[What the task asks]
Please reproduce all of the listing below exactly and drop its images.

[Supplied data]
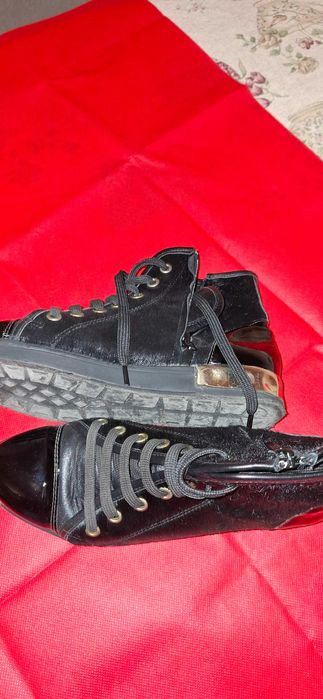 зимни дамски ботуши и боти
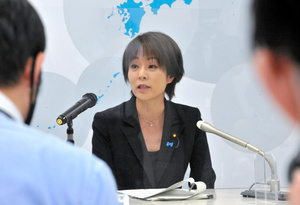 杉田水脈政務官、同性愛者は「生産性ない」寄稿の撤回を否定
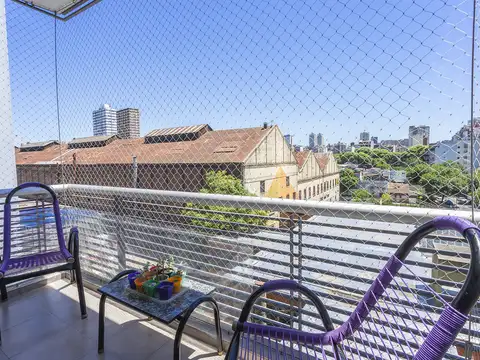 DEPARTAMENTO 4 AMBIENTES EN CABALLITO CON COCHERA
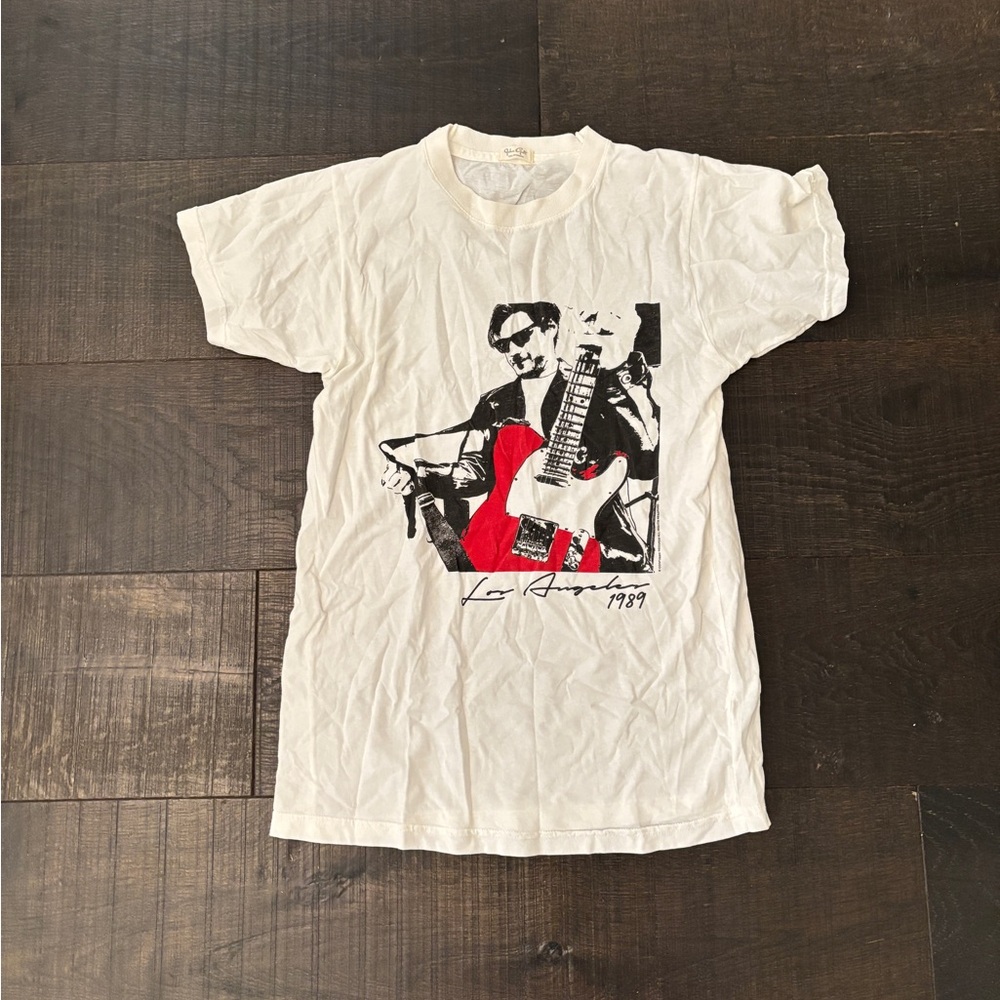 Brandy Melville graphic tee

[Response below]
 зимни дамски ботуши и боти
 杉田水脈政務官、同性愛者は「生産性ない」寄稿の撤回を否定
 DEPARTAMENTO 4 AMBIENTES EN CABALLITO CON COCHERA
 Brandy Melville graphic tee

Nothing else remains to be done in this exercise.